# Babel



## Sonnie (Apr 11, 2006)

[img]http://ia.ec.imdb.com/media/imdb/01/I/72/25/31/10m.jpg[/img]I sat through what ended up being 2.5 hours of misery last night and watched this movie. I don't why, but I just can't get into to films like this, but they are apparently becoming more and more popular. What I don't understand is how I kept sitting through the movie. For some reason I didn't want to get up, although at the same time I thought I was being bored... I don't know, maybe it was not as bad as I am thinking it was. :dontknow:

Babel is about four families from different cultures. A married couple from American on a tour in Morocco, a family (mostly two young boys) who live in Morocco, a Mexican nanny who is an illegal immigrant and babysits the two young children of the American couple... and lastly a Japanese girl whose father gives a rifle to a Moroccan hunting guide who in turn sells the rifle to the Moroccan family and one of the young boys ends up shooting at the tour bus and hitting the American girl in the neck. 

Of course the movie is a constant rotation of the stories throughout. You see one story and then the next one picks up from the point of the beginning of the previous story until they cycle again. :dizzy: 

I can see how the Americans, the Moroccan family and the Japanese family all tie together via the rifle. The nanny really didn't fit though... her visiting Mexico to see her son get married had nothing to do with the rifle which connected the other three families, and that particular part of the movie was wasted time for me. Her connection was obviously babysitting the children of the American family. I suppose part of her story with the children towards the end did fit in better with the overall movie. 

Although the Japanese girls father was connected because he gave the rifle to the Moroccan hunting guide, there was really no story on him... it was all about his daughter who was looking for sex. That story was seriously out of place and rather silly to me. 


*Spoiler* 



I can see how this movie could have ultimately turned out a disaster for the American husband (Brad Pitt)... had he lost his wife and kids.

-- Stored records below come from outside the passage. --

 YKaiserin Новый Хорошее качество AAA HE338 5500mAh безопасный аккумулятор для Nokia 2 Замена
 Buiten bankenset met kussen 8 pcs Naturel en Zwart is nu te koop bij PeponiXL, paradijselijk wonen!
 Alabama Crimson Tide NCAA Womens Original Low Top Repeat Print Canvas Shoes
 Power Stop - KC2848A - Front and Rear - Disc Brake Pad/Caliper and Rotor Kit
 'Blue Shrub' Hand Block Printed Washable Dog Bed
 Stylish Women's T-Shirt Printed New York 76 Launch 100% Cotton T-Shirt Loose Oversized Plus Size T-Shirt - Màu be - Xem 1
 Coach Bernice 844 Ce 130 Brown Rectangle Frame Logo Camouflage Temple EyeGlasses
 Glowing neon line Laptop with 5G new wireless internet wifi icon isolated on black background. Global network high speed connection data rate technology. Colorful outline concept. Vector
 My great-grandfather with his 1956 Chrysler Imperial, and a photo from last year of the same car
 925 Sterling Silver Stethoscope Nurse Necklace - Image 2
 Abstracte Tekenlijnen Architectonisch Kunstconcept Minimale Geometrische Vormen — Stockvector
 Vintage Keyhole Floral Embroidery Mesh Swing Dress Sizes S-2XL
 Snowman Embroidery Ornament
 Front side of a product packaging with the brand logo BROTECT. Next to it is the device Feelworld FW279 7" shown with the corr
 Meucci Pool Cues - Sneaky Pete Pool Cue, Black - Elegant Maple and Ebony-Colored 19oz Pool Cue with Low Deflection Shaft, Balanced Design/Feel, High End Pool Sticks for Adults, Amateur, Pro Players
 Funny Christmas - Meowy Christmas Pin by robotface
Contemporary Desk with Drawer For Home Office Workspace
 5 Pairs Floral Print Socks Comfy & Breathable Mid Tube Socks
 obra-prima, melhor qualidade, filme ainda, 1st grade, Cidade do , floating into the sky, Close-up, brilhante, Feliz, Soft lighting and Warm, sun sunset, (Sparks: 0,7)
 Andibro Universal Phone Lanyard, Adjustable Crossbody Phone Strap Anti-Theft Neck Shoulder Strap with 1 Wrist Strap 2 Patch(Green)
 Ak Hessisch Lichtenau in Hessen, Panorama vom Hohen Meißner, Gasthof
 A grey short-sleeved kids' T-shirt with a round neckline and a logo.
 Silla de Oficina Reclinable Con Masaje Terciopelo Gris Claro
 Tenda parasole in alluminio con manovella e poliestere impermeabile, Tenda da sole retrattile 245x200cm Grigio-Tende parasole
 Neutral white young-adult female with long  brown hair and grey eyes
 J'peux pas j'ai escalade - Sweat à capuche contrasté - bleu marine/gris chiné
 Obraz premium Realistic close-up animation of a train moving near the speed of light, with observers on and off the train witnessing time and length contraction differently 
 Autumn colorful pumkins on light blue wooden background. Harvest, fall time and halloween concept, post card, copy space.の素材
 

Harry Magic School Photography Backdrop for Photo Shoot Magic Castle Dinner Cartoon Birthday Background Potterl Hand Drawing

I know there are probably several people out there who like this type of movie, but for me it was a mess. While it was interesting to see the lives of varying cultures, had I wanted to see that, I could watch National Geographic channel. I'm still baffled at what kept me seated. I suppose maybe it was wanting to know how it all ended. :huh: Anyway, this one is worse than Crash and I'm going to try to stay away from renting anymore movies like this.

:2stars:


----------



## robk_11 (Feb 4, 2007)

I guess you can blame Crash. Sometimes this type of movie is good, but other times it is too much effort to follow them. :snoring: I guess I have to be in the mood... thanks for the heads up review.


----------



## mikeb (Oct 22, 2006)

Think I will pass on this one until it hits the premiums, have heard to many horror stories


----------



## nova (Apr 30, 2006)

I watched this last night,... I agree, it was disjointed or something. While this is far from a bad film, the story was not very good,...I'm with Sonnie, the Japanese girl and nanny really had no place in this film. Technically this was some good movie making but would have been better (IMO) if the whole nanny angle was left out. More about the Japanese girl's father and how this event affected the Moroccan family would have made for a better story.

Showing tonight,...... Casino Royale


----------